[SOURCE MATERIAL Boundary: Start]

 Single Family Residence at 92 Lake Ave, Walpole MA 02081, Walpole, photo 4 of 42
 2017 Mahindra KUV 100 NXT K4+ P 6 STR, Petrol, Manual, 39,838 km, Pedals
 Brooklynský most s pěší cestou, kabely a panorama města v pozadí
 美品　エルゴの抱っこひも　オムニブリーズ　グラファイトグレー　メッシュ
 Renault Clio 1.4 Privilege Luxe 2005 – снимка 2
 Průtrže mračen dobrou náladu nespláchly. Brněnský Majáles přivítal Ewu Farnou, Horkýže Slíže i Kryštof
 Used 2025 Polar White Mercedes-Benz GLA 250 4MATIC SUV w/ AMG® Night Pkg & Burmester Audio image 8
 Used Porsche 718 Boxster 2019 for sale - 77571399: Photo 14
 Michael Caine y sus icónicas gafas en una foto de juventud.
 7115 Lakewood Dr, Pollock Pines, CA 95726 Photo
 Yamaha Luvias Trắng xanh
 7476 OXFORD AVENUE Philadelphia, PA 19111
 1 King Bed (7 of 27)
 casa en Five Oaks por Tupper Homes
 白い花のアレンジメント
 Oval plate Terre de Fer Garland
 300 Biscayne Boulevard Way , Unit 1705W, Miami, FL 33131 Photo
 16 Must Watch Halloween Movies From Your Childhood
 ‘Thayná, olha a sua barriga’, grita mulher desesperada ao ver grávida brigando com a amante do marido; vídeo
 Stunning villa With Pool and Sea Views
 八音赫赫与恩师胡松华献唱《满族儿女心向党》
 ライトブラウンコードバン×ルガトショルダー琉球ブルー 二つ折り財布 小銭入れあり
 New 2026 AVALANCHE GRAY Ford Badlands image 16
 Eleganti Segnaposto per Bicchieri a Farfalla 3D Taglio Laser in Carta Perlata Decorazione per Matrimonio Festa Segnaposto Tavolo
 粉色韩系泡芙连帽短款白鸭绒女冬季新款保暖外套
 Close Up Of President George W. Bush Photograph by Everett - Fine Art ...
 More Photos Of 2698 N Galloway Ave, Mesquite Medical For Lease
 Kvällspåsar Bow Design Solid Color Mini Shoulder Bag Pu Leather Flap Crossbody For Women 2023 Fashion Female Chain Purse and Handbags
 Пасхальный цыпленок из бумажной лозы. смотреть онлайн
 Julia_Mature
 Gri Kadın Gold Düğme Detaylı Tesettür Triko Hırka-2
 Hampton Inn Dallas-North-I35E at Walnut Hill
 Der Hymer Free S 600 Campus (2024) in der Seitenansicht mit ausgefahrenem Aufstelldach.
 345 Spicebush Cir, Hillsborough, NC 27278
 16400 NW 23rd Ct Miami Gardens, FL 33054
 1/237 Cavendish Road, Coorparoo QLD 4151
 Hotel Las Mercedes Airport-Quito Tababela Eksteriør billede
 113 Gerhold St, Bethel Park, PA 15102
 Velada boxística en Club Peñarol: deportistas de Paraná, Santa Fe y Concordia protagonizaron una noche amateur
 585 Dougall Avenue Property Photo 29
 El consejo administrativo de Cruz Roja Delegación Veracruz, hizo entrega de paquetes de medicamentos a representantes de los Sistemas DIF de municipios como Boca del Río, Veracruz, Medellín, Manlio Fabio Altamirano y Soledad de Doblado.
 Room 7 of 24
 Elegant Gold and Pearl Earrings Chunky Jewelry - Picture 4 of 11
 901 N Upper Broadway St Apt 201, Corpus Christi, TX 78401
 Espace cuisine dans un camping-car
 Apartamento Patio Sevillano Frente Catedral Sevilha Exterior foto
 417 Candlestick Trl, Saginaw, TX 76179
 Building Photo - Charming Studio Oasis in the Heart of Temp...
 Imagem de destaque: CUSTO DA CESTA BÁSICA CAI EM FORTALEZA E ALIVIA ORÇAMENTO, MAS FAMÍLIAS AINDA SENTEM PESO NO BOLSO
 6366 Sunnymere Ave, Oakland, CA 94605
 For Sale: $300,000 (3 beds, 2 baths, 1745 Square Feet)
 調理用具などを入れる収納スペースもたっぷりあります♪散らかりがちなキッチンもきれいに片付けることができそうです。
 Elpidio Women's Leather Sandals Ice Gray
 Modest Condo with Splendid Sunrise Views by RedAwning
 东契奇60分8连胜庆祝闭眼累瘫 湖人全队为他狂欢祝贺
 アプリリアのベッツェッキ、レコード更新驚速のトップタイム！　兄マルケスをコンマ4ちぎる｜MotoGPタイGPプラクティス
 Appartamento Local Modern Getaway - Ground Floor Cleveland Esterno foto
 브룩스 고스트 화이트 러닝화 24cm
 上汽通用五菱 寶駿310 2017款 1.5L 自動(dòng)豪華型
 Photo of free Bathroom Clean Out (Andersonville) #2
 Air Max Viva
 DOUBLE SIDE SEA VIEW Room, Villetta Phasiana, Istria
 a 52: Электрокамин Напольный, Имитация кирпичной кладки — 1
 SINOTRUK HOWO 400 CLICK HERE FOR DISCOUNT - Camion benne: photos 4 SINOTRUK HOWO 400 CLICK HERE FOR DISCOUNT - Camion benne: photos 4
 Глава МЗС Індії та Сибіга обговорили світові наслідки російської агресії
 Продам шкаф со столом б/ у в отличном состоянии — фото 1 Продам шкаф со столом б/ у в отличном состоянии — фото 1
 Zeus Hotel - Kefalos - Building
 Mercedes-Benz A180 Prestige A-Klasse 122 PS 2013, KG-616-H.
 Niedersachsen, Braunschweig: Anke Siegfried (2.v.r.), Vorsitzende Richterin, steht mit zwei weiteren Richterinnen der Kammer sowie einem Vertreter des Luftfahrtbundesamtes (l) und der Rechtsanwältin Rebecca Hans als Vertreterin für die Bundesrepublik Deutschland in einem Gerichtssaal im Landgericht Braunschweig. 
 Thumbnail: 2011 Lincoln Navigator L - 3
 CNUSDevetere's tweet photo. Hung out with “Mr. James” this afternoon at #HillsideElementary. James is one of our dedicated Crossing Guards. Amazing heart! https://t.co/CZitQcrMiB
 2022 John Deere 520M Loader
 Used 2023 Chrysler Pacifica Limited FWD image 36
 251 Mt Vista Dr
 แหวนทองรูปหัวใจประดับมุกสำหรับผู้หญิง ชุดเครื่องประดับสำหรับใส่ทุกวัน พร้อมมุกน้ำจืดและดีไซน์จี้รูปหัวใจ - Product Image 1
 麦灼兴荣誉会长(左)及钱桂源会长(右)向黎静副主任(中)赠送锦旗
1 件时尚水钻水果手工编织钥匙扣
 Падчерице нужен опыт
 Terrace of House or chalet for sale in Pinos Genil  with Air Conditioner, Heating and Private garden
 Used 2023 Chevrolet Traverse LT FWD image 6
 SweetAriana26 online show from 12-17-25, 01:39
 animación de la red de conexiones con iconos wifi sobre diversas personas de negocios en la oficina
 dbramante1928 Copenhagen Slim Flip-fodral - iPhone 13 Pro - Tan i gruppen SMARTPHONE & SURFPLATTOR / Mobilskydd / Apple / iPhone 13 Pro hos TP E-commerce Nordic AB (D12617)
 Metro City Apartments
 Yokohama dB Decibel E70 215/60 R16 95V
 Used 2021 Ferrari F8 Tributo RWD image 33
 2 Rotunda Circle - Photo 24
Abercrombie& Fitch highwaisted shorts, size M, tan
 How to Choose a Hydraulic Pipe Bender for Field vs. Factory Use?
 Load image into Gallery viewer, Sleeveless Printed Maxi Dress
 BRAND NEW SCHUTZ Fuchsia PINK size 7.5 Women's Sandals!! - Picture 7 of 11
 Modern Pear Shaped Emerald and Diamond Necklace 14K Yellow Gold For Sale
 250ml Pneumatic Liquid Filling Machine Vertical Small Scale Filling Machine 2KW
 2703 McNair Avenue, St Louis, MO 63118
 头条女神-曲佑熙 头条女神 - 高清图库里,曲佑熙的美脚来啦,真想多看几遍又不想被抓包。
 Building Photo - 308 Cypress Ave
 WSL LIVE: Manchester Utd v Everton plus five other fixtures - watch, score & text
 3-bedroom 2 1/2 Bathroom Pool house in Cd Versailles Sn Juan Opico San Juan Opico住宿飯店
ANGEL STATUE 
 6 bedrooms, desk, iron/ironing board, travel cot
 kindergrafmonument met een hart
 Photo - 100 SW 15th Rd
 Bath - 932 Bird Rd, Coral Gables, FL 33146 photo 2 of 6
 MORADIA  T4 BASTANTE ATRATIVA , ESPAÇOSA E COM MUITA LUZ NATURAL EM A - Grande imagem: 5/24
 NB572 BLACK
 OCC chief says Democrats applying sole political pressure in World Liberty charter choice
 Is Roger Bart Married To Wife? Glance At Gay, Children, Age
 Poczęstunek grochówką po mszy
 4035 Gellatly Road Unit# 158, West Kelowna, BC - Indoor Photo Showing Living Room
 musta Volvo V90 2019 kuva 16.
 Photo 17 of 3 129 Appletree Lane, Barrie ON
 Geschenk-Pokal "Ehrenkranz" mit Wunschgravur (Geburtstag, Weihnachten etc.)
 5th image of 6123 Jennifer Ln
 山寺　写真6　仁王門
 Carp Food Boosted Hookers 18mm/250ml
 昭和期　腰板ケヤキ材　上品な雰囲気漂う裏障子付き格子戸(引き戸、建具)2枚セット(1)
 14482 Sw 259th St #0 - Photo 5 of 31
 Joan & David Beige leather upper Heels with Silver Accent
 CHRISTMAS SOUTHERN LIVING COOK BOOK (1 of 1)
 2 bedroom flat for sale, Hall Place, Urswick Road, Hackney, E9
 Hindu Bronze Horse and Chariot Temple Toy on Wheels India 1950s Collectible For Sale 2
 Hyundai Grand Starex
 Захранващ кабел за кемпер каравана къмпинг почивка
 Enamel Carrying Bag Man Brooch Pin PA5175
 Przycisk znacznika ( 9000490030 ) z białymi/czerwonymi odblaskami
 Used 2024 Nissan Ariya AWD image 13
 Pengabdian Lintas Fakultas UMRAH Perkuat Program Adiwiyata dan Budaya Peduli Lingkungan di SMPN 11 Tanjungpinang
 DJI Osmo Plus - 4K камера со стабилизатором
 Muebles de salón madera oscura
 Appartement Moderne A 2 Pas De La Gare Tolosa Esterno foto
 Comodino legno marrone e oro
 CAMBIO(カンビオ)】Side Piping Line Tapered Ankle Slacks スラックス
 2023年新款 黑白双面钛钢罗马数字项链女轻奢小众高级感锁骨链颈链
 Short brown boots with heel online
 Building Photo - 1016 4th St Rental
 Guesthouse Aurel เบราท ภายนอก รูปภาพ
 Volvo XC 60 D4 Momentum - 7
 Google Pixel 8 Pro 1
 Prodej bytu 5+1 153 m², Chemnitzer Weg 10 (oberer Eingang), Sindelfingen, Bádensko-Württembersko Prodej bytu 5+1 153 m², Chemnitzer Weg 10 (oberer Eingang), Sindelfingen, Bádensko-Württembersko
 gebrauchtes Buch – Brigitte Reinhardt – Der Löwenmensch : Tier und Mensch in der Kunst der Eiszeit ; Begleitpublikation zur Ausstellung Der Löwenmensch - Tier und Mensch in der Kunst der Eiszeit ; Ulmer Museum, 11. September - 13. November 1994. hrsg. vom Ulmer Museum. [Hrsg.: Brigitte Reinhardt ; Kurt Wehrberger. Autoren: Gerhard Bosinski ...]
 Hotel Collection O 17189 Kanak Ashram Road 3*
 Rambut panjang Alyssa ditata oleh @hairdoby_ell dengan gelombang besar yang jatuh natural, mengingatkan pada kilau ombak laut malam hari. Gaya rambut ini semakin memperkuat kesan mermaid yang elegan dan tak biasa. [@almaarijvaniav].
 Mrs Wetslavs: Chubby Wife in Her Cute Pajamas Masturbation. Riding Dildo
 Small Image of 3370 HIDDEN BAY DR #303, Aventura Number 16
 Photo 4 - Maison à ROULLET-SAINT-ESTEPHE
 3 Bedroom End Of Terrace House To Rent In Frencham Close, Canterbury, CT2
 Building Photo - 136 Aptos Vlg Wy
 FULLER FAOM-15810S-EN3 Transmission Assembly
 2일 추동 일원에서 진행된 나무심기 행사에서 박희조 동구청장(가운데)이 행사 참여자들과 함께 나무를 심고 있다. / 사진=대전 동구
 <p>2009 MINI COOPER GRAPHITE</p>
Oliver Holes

[SOURCE MATERIAL Boundary: End]

**TASK OBJECTIVE**
Show every line in the listing above that carries the word "Sandals".

**EXPECTED OUTPUT**
 Elpidio Women's Leather Sandals Ice Gray
 BRAND NEW SCHUTZ Fuchsia PINK size 7.5 Women's Sandals!! - Picture 7 of 11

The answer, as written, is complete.